▶ **Study material**:
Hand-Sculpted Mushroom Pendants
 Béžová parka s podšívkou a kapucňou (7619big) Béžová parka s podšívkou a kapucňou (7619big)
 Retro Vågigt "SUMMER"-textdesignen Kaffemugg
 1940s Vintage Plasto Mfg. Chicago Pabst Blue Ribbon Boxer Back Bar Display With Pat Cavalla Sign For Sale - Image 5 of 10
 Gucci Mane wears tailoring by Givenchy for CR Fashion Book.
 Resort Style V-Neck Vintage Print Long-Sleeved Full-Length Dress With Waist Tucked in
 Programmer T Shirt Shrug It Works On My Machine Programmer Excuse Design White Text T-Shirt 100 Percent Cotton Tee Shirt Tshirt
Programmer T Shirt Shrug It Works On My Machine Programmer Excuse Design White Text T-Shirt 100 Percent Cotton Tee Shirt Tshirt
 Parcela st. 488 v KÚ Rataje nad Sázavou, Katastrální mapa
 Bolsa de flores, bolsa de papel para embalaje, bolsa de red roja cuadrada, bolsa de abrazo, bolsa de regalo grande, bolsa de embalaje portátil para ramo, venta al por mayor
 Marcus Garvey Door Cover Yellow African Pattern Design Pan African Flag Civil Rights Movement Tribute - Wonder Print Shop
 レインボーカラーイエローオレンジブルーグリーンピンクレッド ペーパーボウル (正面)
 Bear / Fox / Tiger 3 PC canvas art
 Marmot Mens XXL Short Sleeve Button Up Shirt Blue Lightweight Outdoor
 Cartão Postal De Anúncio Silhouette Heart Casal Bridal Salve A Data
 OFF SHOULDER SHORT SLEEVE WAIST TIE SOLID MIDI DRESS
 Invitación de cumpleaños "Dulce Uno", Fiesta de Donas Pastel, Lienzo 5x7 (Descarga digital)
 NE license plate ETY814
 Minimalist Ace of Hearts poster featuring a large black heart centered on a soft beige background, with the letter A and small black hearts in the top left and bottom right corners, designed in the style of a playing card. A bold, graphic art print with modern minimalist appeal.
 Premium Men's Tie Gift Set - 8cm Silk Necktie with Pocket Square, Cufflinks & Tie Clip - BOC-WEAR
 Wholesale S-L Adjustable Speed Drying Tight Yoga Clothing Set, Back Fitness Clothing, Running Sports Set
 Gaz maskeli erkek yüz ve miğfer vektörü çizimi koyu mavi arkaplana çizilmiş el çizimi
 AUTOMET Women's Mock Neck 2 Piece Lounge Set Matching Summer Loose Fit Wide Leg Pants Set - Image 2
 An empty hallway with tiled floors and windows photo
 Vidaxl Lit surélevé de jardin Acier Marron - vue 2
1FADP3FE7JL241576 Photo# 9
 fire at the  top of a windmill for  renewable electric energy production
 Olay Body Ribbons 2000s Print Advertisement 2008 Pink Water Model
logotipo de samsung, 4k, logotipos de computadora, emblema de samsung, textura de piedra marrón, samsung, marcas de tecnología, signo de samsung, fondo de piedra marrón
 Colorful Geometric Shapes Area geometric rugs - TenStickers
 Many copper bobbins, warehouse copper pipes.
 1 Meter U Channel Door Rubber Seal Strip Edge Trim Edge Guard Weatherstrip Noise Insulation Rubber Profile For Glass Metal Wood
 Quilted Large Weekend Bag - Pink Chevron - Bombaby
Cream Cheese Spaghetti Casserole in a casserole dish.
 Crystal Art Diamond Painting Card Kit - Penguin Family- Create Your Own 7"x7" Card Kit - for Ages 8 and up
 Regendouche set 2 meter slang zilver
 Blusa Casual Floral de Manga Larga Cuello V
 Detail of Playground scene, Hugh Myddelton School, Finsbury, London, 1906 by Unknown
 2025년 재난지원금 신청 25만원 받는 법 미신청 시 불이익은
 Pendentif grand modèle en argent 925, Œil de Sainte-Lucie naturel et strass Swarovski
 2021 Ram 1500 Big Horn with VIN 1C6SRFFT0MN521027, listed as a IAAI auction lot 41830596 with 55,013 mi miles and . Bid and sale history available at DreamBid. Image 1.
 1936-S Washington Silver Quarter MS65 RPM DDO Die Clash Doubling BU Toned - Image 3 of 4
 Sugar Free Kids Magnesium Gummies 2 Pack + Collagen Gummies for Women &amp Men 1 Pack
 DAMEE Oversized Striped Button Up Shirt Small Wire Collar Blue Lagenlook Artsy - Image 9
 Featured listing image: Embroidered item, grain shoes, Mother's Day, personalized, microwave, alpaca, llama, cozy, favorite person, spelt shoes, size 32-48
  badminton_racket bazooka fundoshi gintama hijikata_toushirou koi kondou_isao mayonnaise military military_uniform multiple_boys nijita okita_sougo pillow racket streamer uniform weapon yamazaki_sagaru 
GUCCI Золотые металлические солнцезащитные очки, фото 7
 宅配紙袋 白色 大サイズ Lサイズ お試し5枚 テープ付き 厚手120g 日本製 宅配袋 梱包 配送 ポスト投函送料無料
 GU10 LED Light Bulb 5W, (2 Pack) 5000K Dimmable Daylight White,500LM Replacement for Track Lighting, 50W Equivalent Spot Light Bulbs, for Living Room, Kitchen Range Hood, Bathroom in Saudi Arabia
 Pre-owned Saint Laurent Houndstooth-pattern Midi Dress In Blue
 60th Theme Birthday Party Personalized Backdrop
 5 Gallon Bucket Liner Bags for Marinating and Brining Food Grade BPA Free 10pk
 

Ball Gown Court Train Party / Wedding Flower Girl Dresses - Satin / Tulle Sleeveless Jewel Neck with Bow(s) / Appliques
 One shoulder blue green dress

▶ **Assignment**: Whenever a line above has the word "Shrug" in it, copy that line.

▶ **Answer box**:
 Programmer T Shirt Shrug It Works On My Machine Programmer Excuse Design White Text T-Shirt 100 Percent Cotton Tee Shirt Tshirt
Programmer T Shirt Shrug It Works On My Machine Programmer Excuse Design White Text T-Shirt 100 Percent Cotton Tee Shirt Tshirt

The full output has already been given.